Parler de conséquences positives pour la colonisation française est synonyme de tollé en France. Outre-Manche, la question se pose.
Difficile de trouver des pays nostalgiques du colonialisme, en tout cas du côté de ceux qui l’ont subi. Car en France, il y a toujours des hommes politiques, comme Emmanuel Macron, pour penser que la colonie a fait plus de bien que de mal. «En Algérie, il y a eu la torture mais aussi l'émergence d'un Etat de classes moyennes, c'est aussi ça la réalité de la colonisation», a déclaré l'ancien ministre de l'Economie dans l'hebdomadaire Le Point du 23 novembre 2016..
Ceci dit, il n’est pas non plus aisé d’échapper à l’impression que certains pays en ont plus pâti que d’autres.
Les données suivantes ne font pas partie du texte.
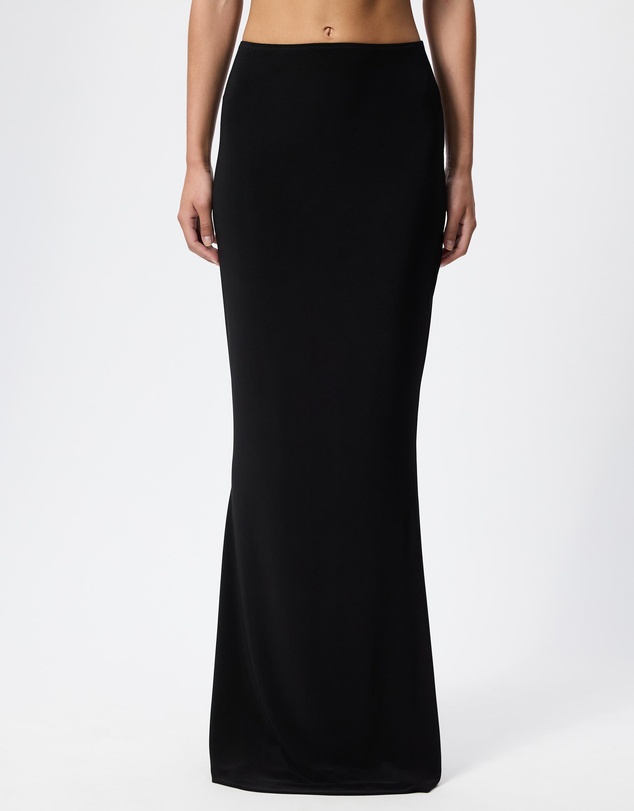 Norma Kamali - Obie Long Skirt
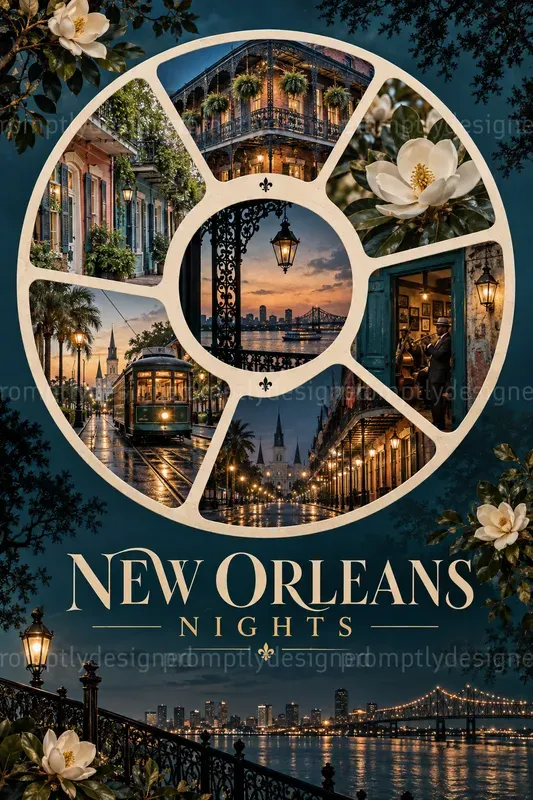 Contemporary Travel Photo Posters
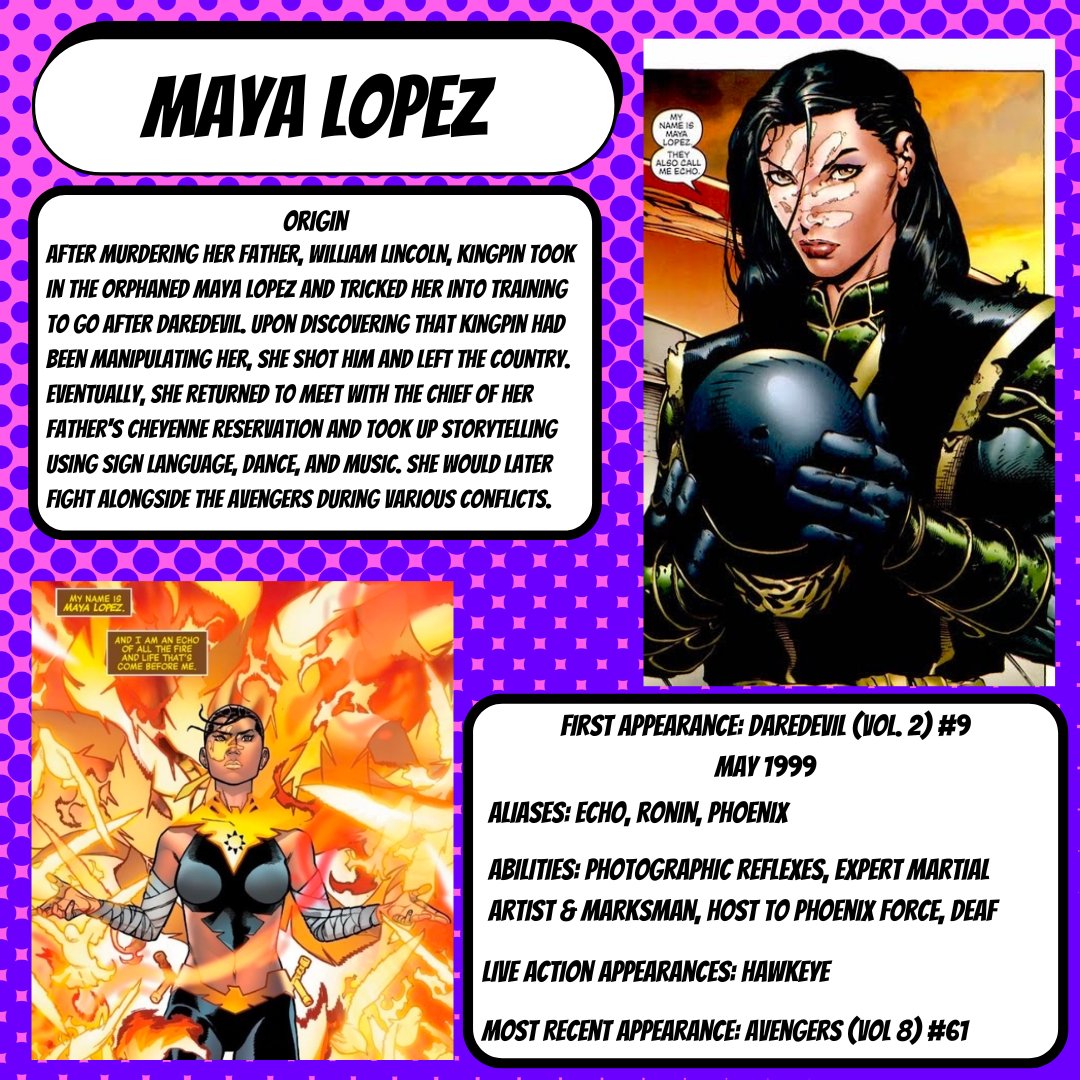 UNCGWGSS's tweet image. Happy WHM! Check out some of our favorite Marvel heroes across the decades. Full list can be found on our facebook + insta!

#uncg #uncgwgss #wgss #wcw #whm #ncbd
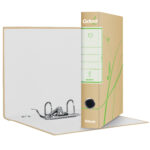 Registratore Oxford Green G82 - dorso 5 cm - commerciale 23 x 30 cm - avana - Esselte - immagine 2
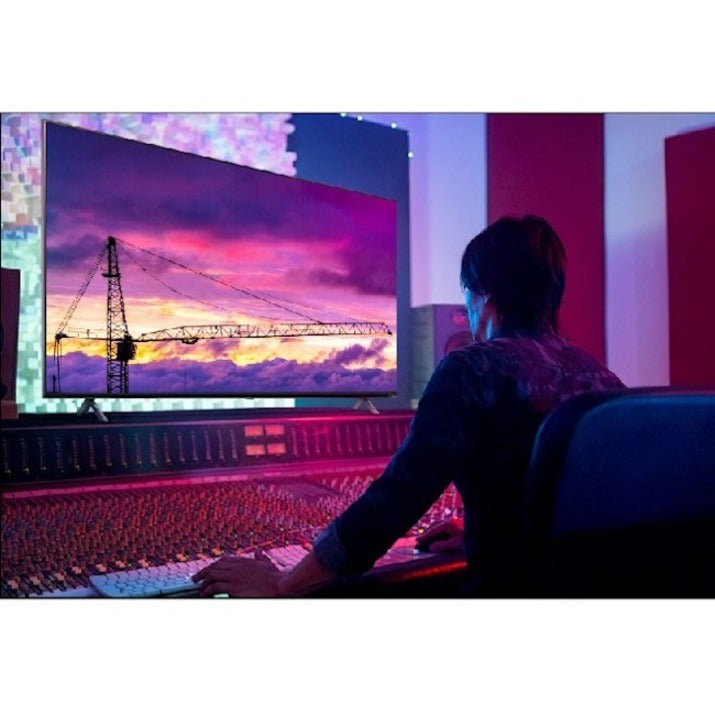 Lg Uqa 86Qned80Uqa 86" Smart Led-Lcd Tv - 4K Uhdtv - Black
Dans l’Empire britannique figuraient l’Inde, aujourd’hui puissance émergente, et les pays les plus stables et les plus prospères d’Afrique—le Botswana, le Ghana et l’Afrique du Sud. Les anciennes dépendances françaises en Afrique et dans le sud-est asiatique, de la Côte d’Ivoire au Cambodge, ne semblent pas s’en être si bien sorties dans la période post-coloniale.
D’aucuns, tel l’historien Niall Ferguson, ont même avancé la théorie d’un héritage positif de l’Empire britannique, et considèrent la Pax Britannica non seulement comme une période d’expansion impérialiste mais aussi comme ayant favorisé la «diffusion de valeurs progressistes en termes d’économie de marché, d’état de droit et enfin de gouvernement représentatif.»
Les conséquences réelles de la colonisation
Au-delà des observations anecdotiques, existe-t-il des preuves que le type de colonialisme ait pu avoir une influence sur les pays décolonisés? Les sanglantes guerres civiles post-indépendance de l’Angola et du Mozambique, par exemple, furent-elles un héritage du colonialisme portugais, ou sont-elles davantage imputables aux rivalités autour des ressources du pays et à la Guerre froide? À quel point l’histoire récente de l’Algérie et du Vietnam aurait-elle été différente si la France les avait laissé paisiblement partir?
Alexander Lee, doctorant à l’université de Stanford University, et le professeur Kenneth Schultz ont étudié le cas du Cameroun, pays qui, fait rare, comprend de vastes régions colonisées par différentes puissances, la Grande-Bretagne et la France, unifiées après l’indépendance en 1960. Le seul pays à l’histoire comparable est la Somalie, où l’on comprend aisément qu’il est difficile d’obtenir des données économiques après plus de trois décennies de guerre.
«Le meilleur colonisateur, celui qui a le moins colonisé»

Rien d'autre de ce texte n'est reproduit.